オトギリソウ科(APG分類:テリハボク科)の常緑高木。別名ヤラボともいうが、これは沖縄の方言に由来する。高さ20メートル以上に達する。葉は堅い革質で対生し、楕円(だえん)形または長楕円形で全縁、長さ10~15センチメートル。中央脈は裏面に突出し、側脈は互いに平行、表面は光沢がある。総状花序を腋生(えきせい)し、白色で径約4センチメートルの香りのある4弁花を開く。雄しべは黄色で多数ある。核果は球形で径約3センチメートル、種子が1個ある。海岸に生え、小笠原(おがさわら)、沖縄、宮古、八重山(やえやま)の各諸島、および台湾、熱帯アジア、マダガスカル、ポリネシアに分布する。

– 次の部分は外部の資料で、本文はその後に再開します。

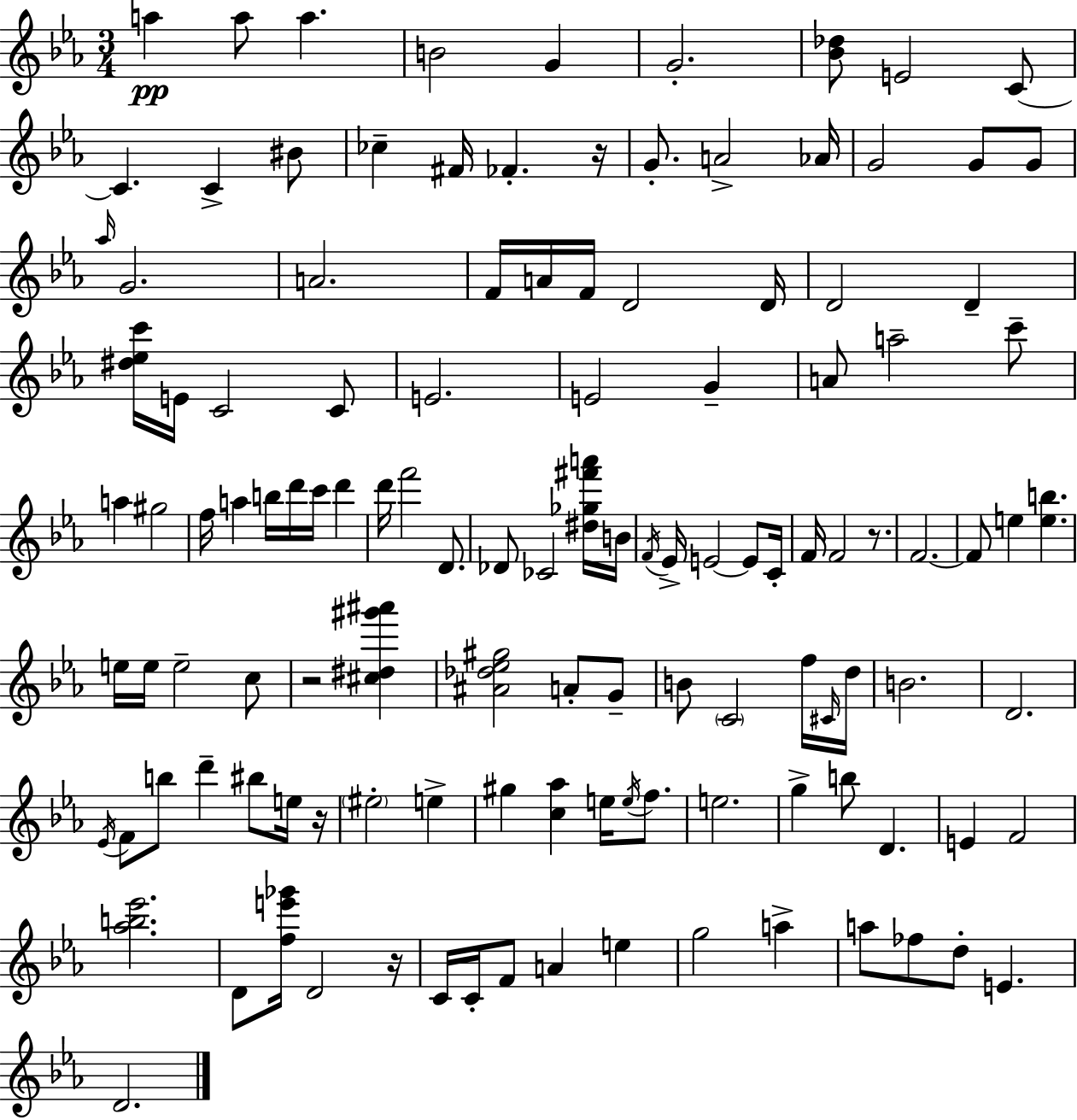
{
  \clef treble
  \numericTimeSignature
  \time 3/4
  \key ees \major
  a''4\pp a''8 a''4. | b'2 g'4 | g'2.-. | <bes' des''>8 e'2 c'8~~ | \break c'4. c'4-> bis'8 | ces''4-- fis'16 fes'4.-. r16 | g'8.-. a'2-> aes'16 | g'2 g'8 g'8 | \break \grace { aes''16 } g'2. | a'2. | f'16 a'16 f'16 d'2 | d'16 d'2 d'4-- | \break <dis'' ees'' c'''>16 e'16 c'2 c'8 | e'2. | e'2 g'4-- | a'8 a''2-- c'''8-- | \break a''4 gis''2 | f''16 a''4 b''16 d'''16 c'''16 d'''4 | d'''16 f'''2 d'8. | des'8 ces'2 <dis'' ges'' fis''' a'''>16 | \break b'16 \acciaccatura { f'16 } ees'16-> e'2~~ e'8 | c'16-. f'16 f'2 r8. | f'2.~~ | f'8 e''4 <e'' b''>4. | \break e''16 e''16 e''2-- | c''8 r2 <cis'' dis'' gis''' ais'''>4 | <ais' des'' ees'' gis''>2 a'8-. | g'8-- b'8 \parenthesize c'2 | \break f''16 \grace { cis'16 } d''16 b'2. | d'2. | \acciaccatura { ees'16 } f'8 b''8 d'''4-- | bis''8 e''16 r16 \parenthesize eis''2-. | \break e''4-> gis''4 <c'' aes''>4 | e''16 \acciaccatura { e''16 } f''8. e''2. | g''4-> b''8 d'4. | e'4 f'2 | \break <aes'' b'' ees'''>2. | d'8 <f'' e''' ges'''>16 d'2 | r16 c'16 c'16-. f'8 a'4 | e''4 g''2 | \break a''4-> a''8 fes''8 d''8-. e'4. | d'2. | \bar "|."
}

防風林、街路樹に適する。また材は堅くて光沢があり、高級材(マホガニーの代用)とされる。樹皮は染料、種子の油は外用薬とする。
[島袋敬一 2020年7月21日]
テリハボクの仲間は、以前はオトギリソウ科であったがフクギ科を経て、APG分類ではテリハボク科Calophyllaceaeとして独立した。世界に約12属300種ほどで、熱帯と亜熱帯に分布する。